Weight restrictions will increase costs
An average loaded tractor-trailer weighs 40 tons. With weight limits being reduced by 10-20%, tractor-trailers may have to make detours now, which will increase costs. “Our tractor-trailers such as milk trucks, food trucks, they typically get about six miles to the gallon,” says Jennifer Reed-Harry, assistant vice president , PennAg Industries Association. “So when you’re talking about a detour that may have to go an additional 30 miles out around the loop to get to a farm or to get to a food mill, it’s an additional cost to the end consumer, ultimately.”
Emergency services will be affected, too. An average fire truck weighs 19-30 tons. “If you happen to be waiting for a fire truck … and we post a bridge and you’re at the other side of that bridge, that’s going to be a longer response time,” says PennDOT Secretary Barry Scoch.

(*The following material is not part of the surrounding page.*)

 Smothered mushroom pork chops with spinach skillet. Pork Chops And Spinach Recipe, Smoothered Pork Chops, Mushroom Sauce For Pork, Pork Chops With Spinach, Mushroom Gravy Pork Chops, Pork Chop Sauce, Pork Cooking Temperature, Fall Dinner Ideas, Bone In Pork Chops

Weight restrictions a temporary solution
How long will this measure delay the inevitable? “Based on past experiences, [a weight restriction] will increase the lifespan of the bridge at least five to 10 years,” says PennDOT District 6 Executive Lester Toaso.
PennDOT has notified emergency service providers, school bus operators, and other local officials of the changes. Workers have begun posting signs on the new weight limits on bridges, a process that will continue over the next four to five months.
Even if the legislature makes funds available for bridges to be repaired from this year, it will be two years before the repairs can be completed on all the structurally deficient bridges and the weight limits removed.